O obsessivo é culpado. Ele é um “grande criminoso”. Principalmente porque ele goza demais. Essa culpa inevitável, alojada na estrutura, deve ser diferenciada da sentença jurídica de um indivíduo por este ou aquele ato criminoso. Nenhum tribunal pode mexer nessa culpa do obsessivo. Um tribunal do Outro: ele tem um, privado, com quem está em contato direto e permanente. Só que ele não sabe do que é culpado. Ele encontra um pretexto falacioso para sua culpa, o que minimiza sua falta. Assim, o Homem dos Ratos se torna um criminoso por não ter estado ao lado da cama de seu pai no momento de sua morte, tendo ido descansar naquela noite. Freud concorda. Na verdade, Ernst é culpado, mas não pelo que ele pensa que é. Ele é culpado por algo mais sério. Foi porque, desde muito jovem, ele queria a morte do pai1.

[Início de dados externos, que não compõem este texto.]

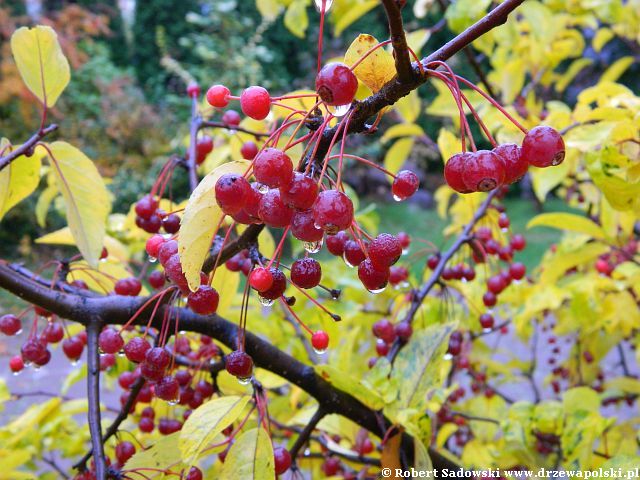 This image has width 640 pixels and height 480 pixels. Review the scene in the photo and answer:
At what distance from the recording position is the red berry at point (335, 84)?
52cm

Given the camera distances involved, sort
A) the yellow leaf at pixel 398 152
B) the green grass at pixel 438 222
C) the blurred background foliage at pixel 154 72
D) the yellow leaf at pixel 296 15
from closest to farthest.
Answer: the yellow leaf at pixel 296 15 < the yellow leaf at pixel 398 152 < the blurred background foliage at pixel 154 72 < the green grass at pixel 438 222

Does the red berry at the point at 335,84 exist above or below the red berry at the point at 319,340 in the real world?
above

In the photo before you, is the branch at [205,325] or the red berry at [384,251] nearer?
the red berry at [384,251]

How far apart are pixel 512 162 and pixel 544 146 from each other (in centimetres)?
4

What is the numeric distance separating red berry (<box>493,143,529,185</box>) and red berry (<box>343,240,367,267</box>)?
0.65 feet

Para ilustrar isso, Freud conta um episódio clínico extraído do primeiro caso de um obsessivo que ele teve em análise e que lhe permitiu compreender essa “doença”. Esse homem, um funcionário público escrupuloso, costumava pagar suas sessões com cédulas que previamente passava [ferro] em sua casa porque “era uma questão de consciência para ele não entregar cédulas sujas a ninguém; pois nelas se achavam perigosas bactérias que poderiam ser nocivas à pessoa2.

Esse ritual está em consonância com o “tabu do toque”, de que fala Freud em Inibição, Sintoma e Angústia e que é “um dos comandos mais antigos e fundamentais da neurose obsessiva3. A evitação de contato e contaminação é muitas vezes construída como um sistema complexo de proibição, envolvendo cerimônias precisas que têm a aparência de uma religião pessoal. Ela é contra o investimento do objeto por uma força erótica ou agressiva que impele o sujeito inclinado à união de Eros, bem como pela força dos impulsos destrutivos. Esse entrelaçamento entre Eros e agressividade é a razão pela qual “‘tocar uma mulher’ tornou-se, em alemão, um eufemismo para sua utilização como objeto sexual4.

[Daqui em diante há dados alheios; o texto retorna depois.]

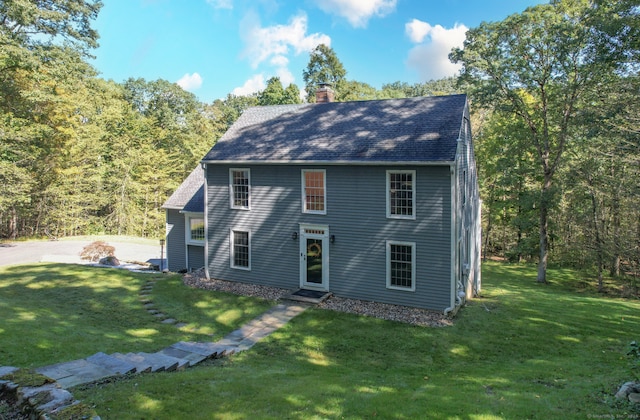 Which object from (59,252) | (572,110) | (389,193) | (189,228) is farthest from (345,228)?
(59,252)

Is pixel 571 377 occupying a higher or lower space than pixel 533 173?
lower

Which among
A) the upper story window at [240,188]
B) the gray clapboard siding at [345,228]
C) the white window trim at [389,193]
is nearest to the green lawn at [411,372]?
the gray clapboard siding at [345,228]

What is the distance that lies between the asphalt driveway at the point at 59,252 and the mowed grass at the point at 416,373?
16.7 meters

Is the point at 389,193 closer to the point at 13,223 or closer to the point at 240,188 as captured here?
the point at 240,188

No entanto, esse paciente tinha menos escrúpulos em relação à sua vida sexual. Com certa facilidade, ele conta a Freud um assédio sexual que pratica regularmente.

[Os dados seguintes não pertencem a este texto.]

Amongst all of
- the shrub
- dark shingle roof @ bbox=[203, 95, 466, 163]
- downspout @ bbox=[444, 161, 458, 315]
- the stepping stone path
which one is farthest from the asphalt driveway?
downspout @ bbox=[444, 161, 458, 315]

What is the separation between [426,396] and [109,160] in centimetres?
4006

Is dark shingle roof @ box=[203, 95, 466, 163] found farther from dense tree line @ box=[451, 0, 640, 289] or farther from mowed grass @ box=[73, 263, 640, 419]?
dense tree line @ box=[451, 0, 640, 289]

Faço o papel de um tio velho e querido em muitas casas de boas famílias, valendo-me disso para de vez em quando chamar uma garota para um passeio no campo. Então arranjo as coisas de modo que perdemos o trem e somos obrigados a passar a noite num albergue. Sempre peço dois quartos, sou bastante cavalheiro; mas quando a garota está na cama vou até lá e a masturbo com os dedos.5

Hoje, tal conduta, se descoberta, levaria nosso oficial ao tribunal. A leveza com a qual ele fala disso, sem dúvida, indica o fato de estarmos em meio à era patriarcal do final do século XIX e início do século XX. Mas para Freud não há leveza aí. Ele qualifica essa prática como um abuso e se surpreende com o contraste entre os escrúpulos da questão relativa às notas e a falta de escrúpulos em relação ao abuso de meninas. Ele explica isso por um deslocamento no remorso que torna o sujeito muito escrupuloso em relação a coisas banais permitindo-lhe, por sua vez, continuar sem constrangimento essa prática que lhe dá satisfação sexual.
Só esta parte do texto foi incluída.